I’ve been using freedom.to more or less since it launched. I was recently asked by someone how I use it, and since it didn’t fit in the text box on that platform, here’s a mid-ish-long set of notes on how I use it.
- Everywhere: It’s on all my devices, no exceptions—iPad, phone, desktop work computer.
- Scheduled sessions: I use what Freedom calls “sessions” to schedule blocks of time that block out distracting sites. My current blocked sessions are:
- Working hours: Mostly self-explanatory, starts an hour after school drop-off so I can do some messing around or necessary social stuff before work. Also includes a lunch break every day (actually implemented as two sessions), though unfortunately that isn’t synced to my calendar so sometimes I am unblocked while working and then blocked during my actual lunch.
- Morning self-care block: There’s an hour in the morning (before family breakfast) that blocks social plus work stuff. Ideal (not always respected) is that I should be using this time mostly for fitness or meditation, not the device. Am sorely tempted to replace this with just keeping the device well away (probably upstairs) and using an Apple TV device for fitness/meditation.
- Evening family block: From roughly when my son gets home to his bedtime, blocks primarily social. Can still do some work if sorely needed but try to avoid social during that time.
- Add sites freely: If I’m at all tempted by a site, I add it to the Blocklist. Better to overblock than underblock. (I understand why it probably can’t, but it’d be neat if Freedom monitored web usage, said “I notice that you’ve visited this more than X times today, would you like to block it?” Bonus for: “and add its RSS feed to your feed reader?”) In particular, I mass block sports, social, and news sites—you simply don’t need those things most of the time.
Because of my recent participation in the Mind Over Tech Accelerator trainings (which I cannot endorse enough if you struggle with digital focus!), I’ve made some recent experimental changes to my freedom use. I’m not sure yet if these will stick long-term:
- Breakfast-time session: I’m experimenting with blocking more things during my family breakfast (6:50-7:50) and just relying on voice control or a shared family kitchen iPad for the few things I need to do during that block. In other words, using Freedom to force me not to touch my own devices during this block of family time.

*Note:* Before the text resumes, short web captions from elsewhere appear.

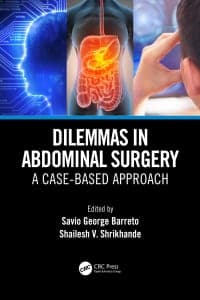 Dilemmas in Abdominal Surgery: A Case-Based Approach 1st Edition – PDF ebook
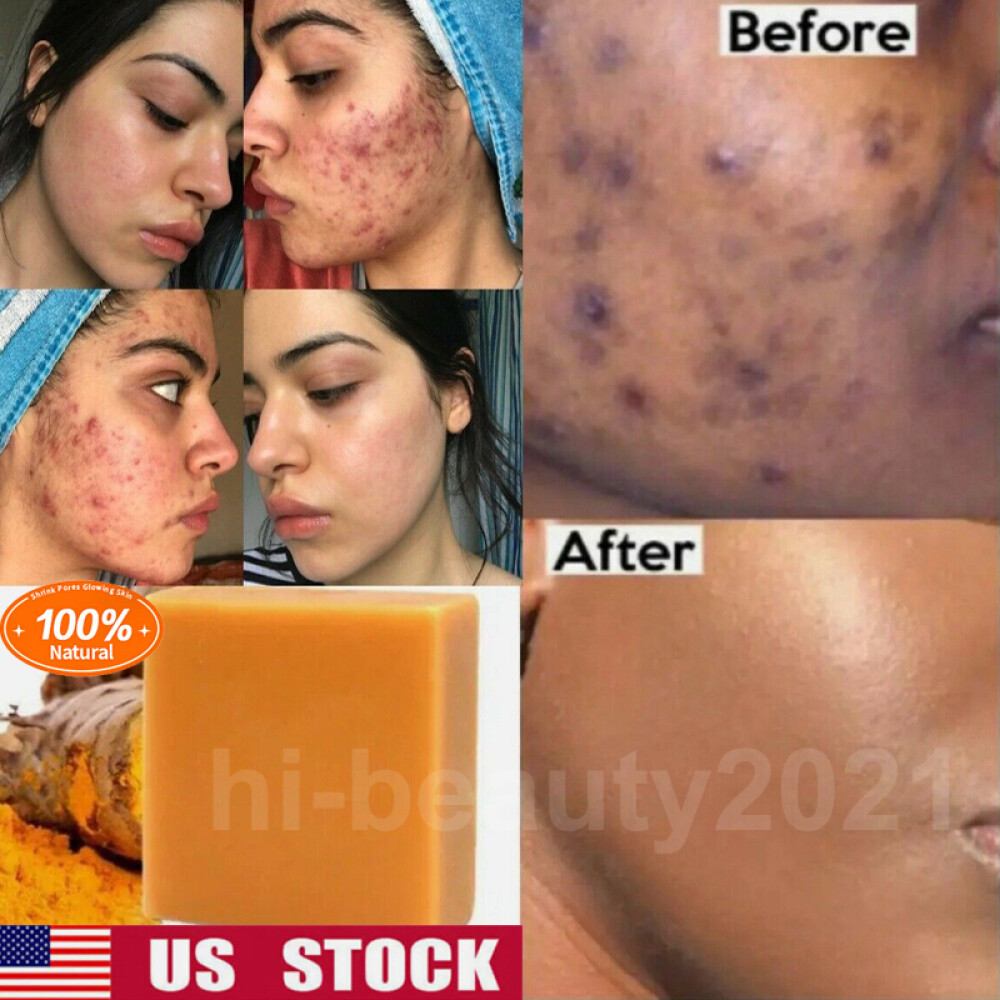 2× Tumeric Soap Skin Whitening Dark Spots lightening Acne Brightening Turmeric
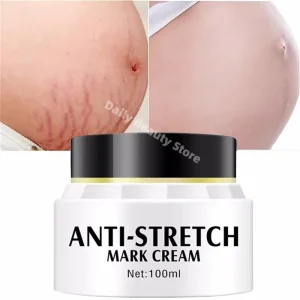 Stretch Mark Cream Postpartum Repair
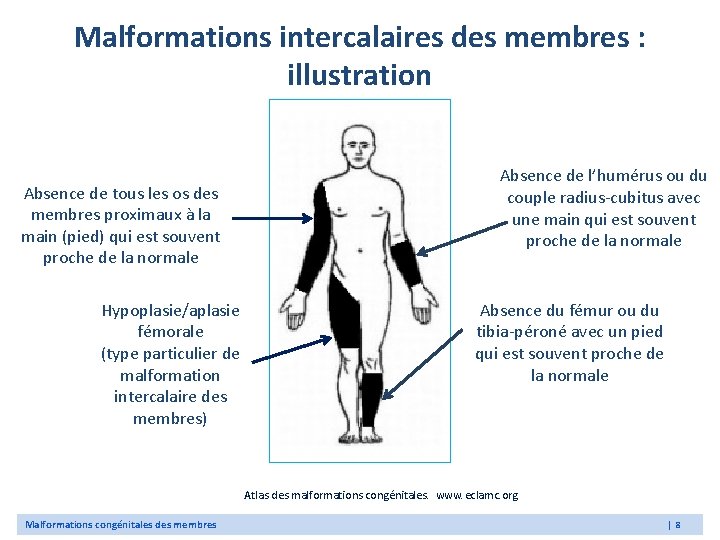 Malformations intercalaires des membres : illustration Absence de tous les os des membres proximaux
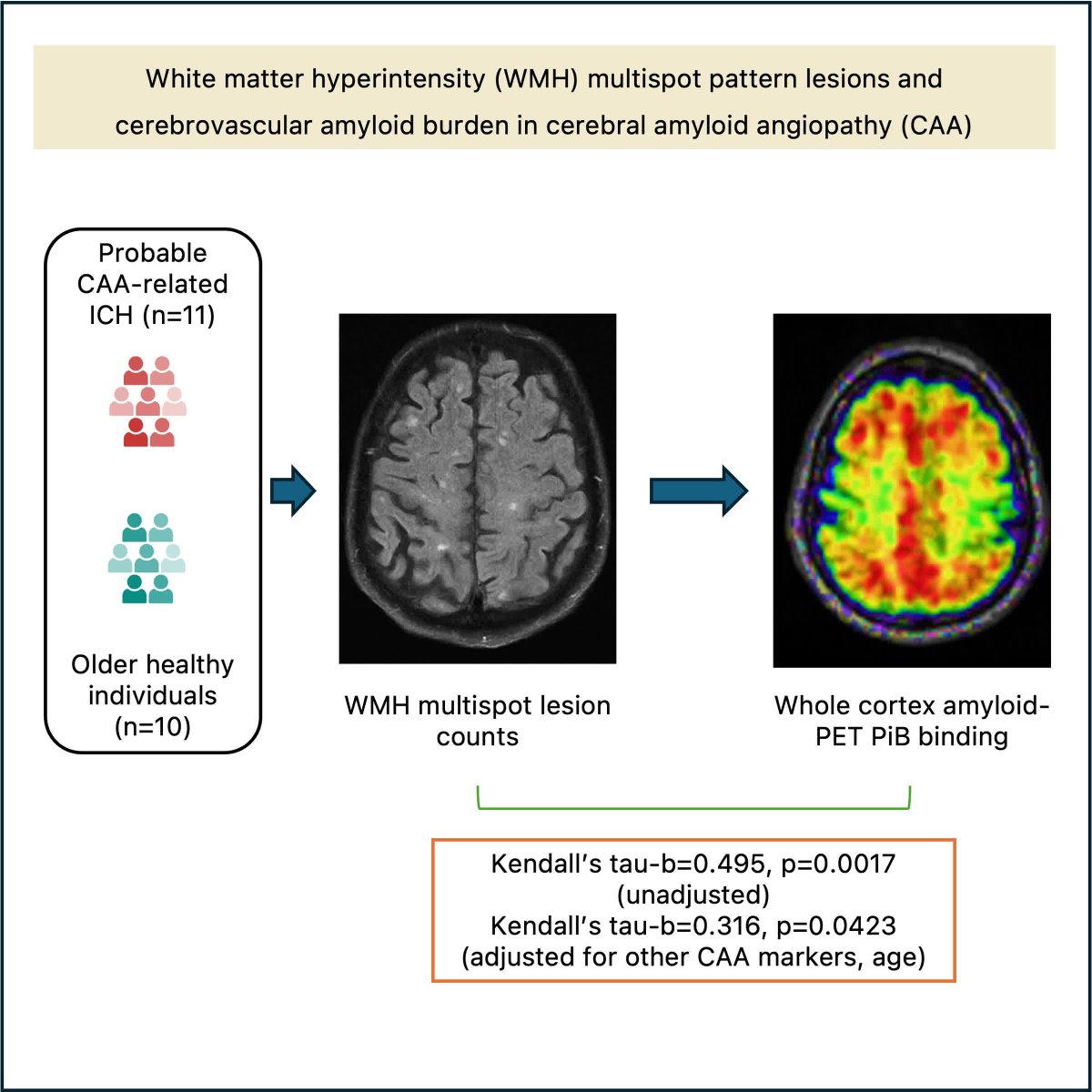 StrokeAHA_ASA's tweet image. #STROKE: A pilot study suggests a positive association between cerebrovascular amyloid deposition and white matter hyperintensity multispot lesions in CAA, with potential pathophysiological and clinical implications. @a_charidimou @BUMedicine #AHAJournals ahajrnls.org/4f5CUDi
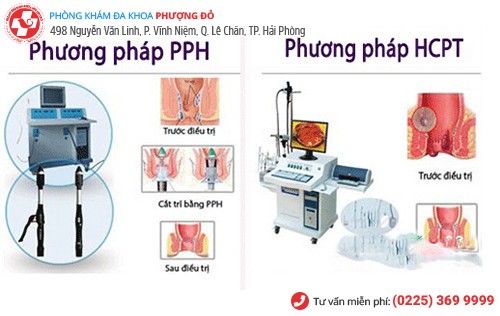 PPH, HCPT - phương pháp cắt trĩ hiệu quả hiện nay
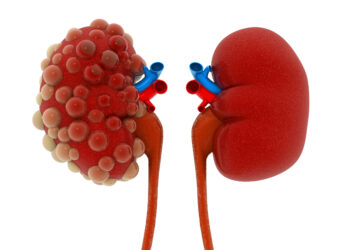 “Polikistik böbrek hastalığı yavaş gelişir, her şey hızla değişir”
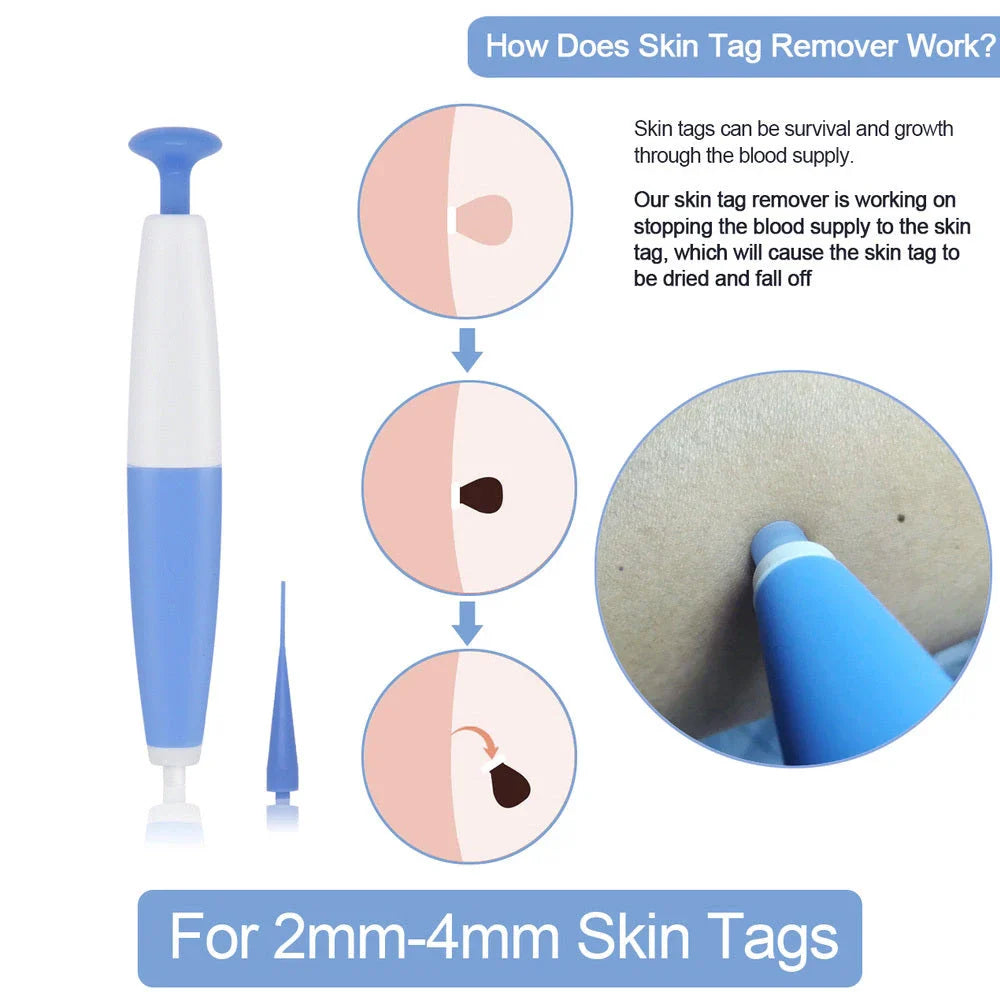 Premium skin tag remover tool with micro-band technology for safe and painless at-home skin tag treatment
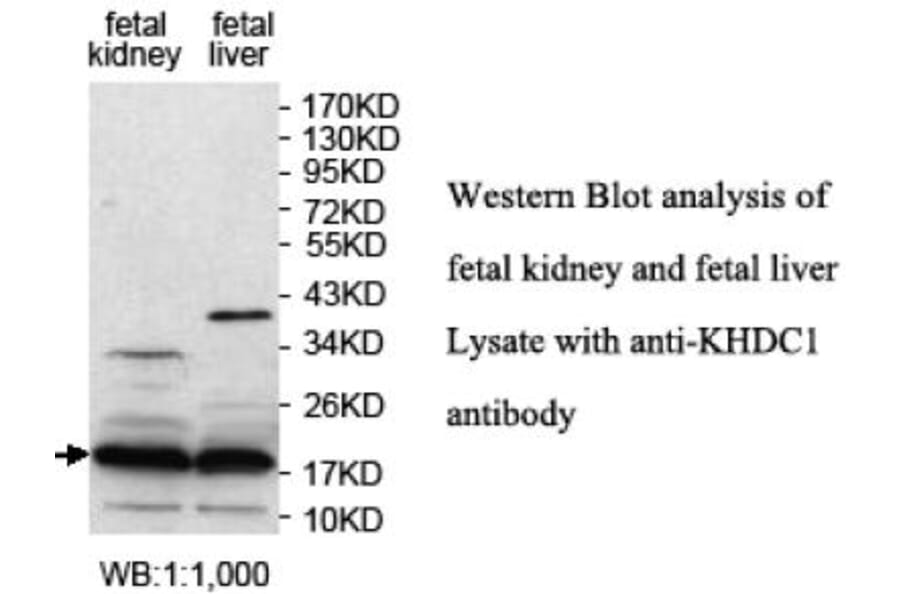 KHDC1 Antibody from Signalway Antibody (39701) - Antibodies.com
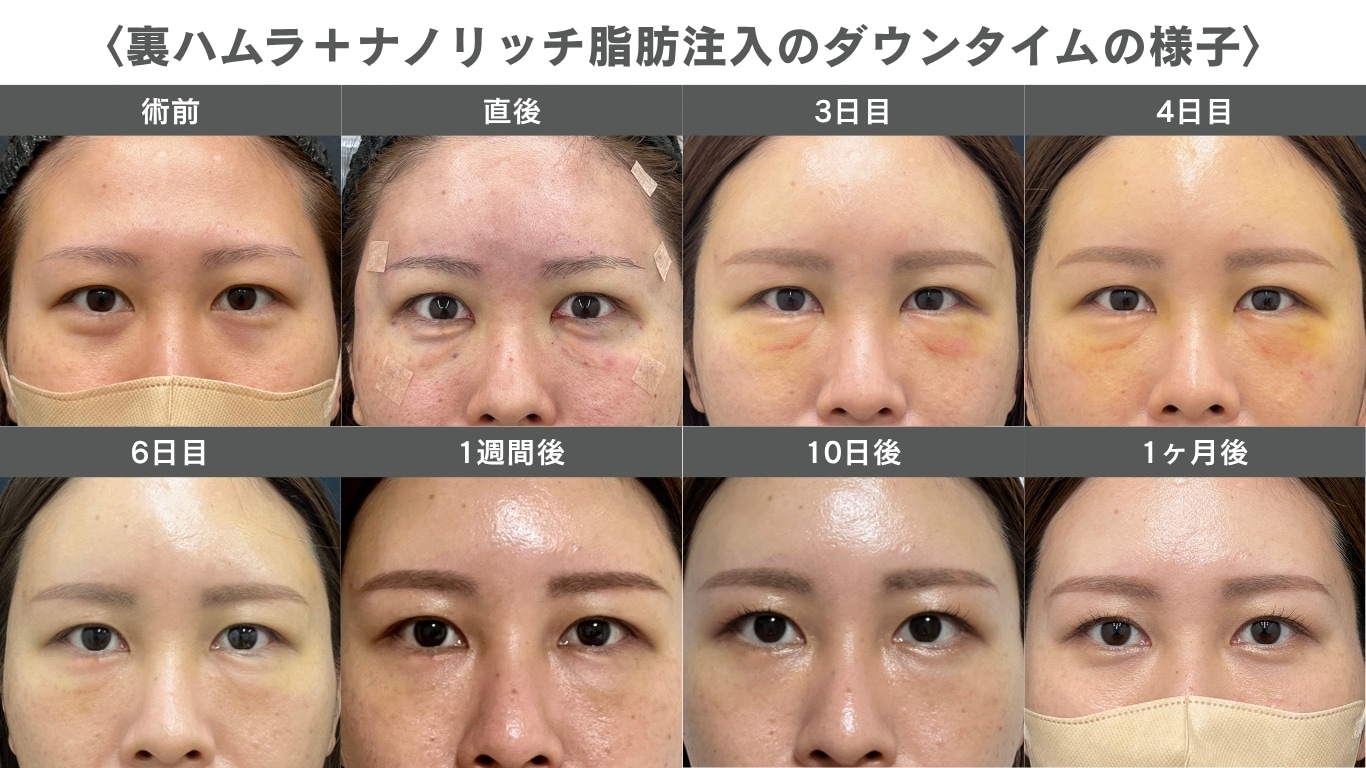 ダウンタイム中の腫れや<br />
内出血の経過と仕事への影響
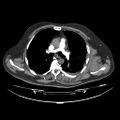 Acute heart failure (CT) (Radiopaedia 79835-93075 Axial C+ arterial phase 5).jpg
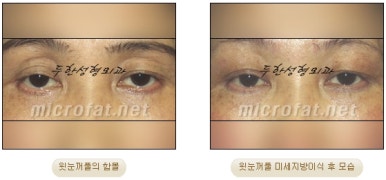 [Doohan Plastic Surgery Autologous Fat Grafting] - [Sunken Eye Fat Grafting] image 15
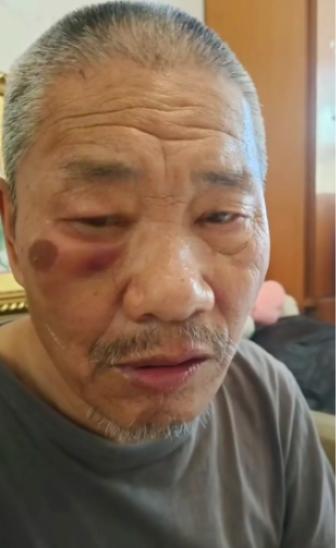 走失者照片 西安市寻人：六旬老人走失，患脑梗后...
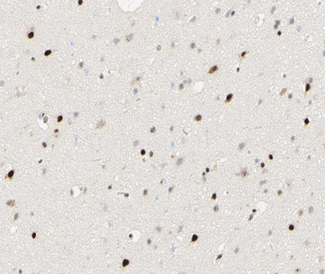 FOXJ3 Antibody - 1:100 staining human brain tissue by IHC-P. The tissue was formaldehyde fixed and a heat mediated antigen retrieval step in citrate buffer was performed. The tissue was then blocked and incubated with the antibody for 1.5 hours at 22°C. An HRP conjugated goat anti-rabbit antibody was used as the secondary.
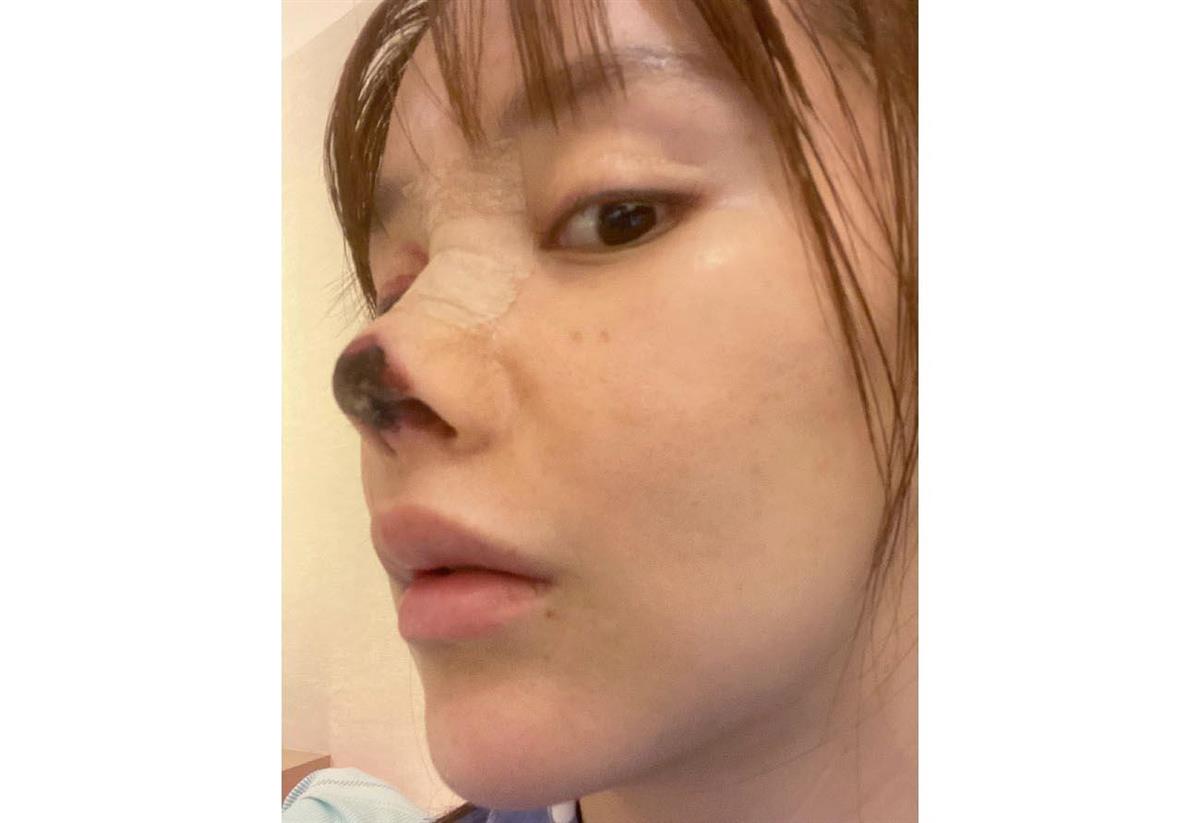 中国の女優が美容整形の失敗公表 壊死の写真で警鐘 産経ニュース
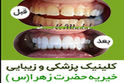 کامپوزیت ارزان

- Pomodoro: I’ve been experimenting with Forest for pomodoro timing, but I do wonder if I can do Freedom instead.
- Apps: Freedom just added the ability to block apps, so I don’t use this yet. Not sure if I will, because most of the things that suck my time can be dealt with by blocking their network connections.
My challenges with Freedom (suggestions welcome!):
- Reliability: Because Freedom is inherently doing something that the operating system doesn’t love (interfering with your use of the device!) it sometimes stops working, and you have to re-engage it. Which is fine, unless… I’m doing something that it wants to block. For example, during a recent trip, it disengaged and it was more convenient for various reasons not to turn it back on. Which was fine except now I’m back home, I should turn it back on, and I’m… not. (I’ll do it right after I post this! Probably!)
- Social: My work does sometimes genuinely require use of social, which is hard if you’ve… blocked all social with Freedom. I don’t have a great solution to this, but people are mostly reasonable if you say “actually, I have social blocked on this machine, is it OK if [I do it later, you screenshot it, etc.]”
- Location: This is a very First World Problem, but when I travel to another timezone, Freedom assumes I’m trying to cheat (not unreasonable!) and stays on my home timezone. I wish it would check my actual location (GPS?) and update automatically to match where I actually am.
- Slack: My most distracting friend groupchat is on slack, and there is no good way (as far as I know) to only block my friend slack while not blocking work slack. I solve that on my primary work computer by simply not logging into friend-slack on that machine, but on other devices I use during the work day (most painfully my iPad) it can be a distraction.
Overall this is an amazing product, and if you struggle with digital distractions I highly recommend it.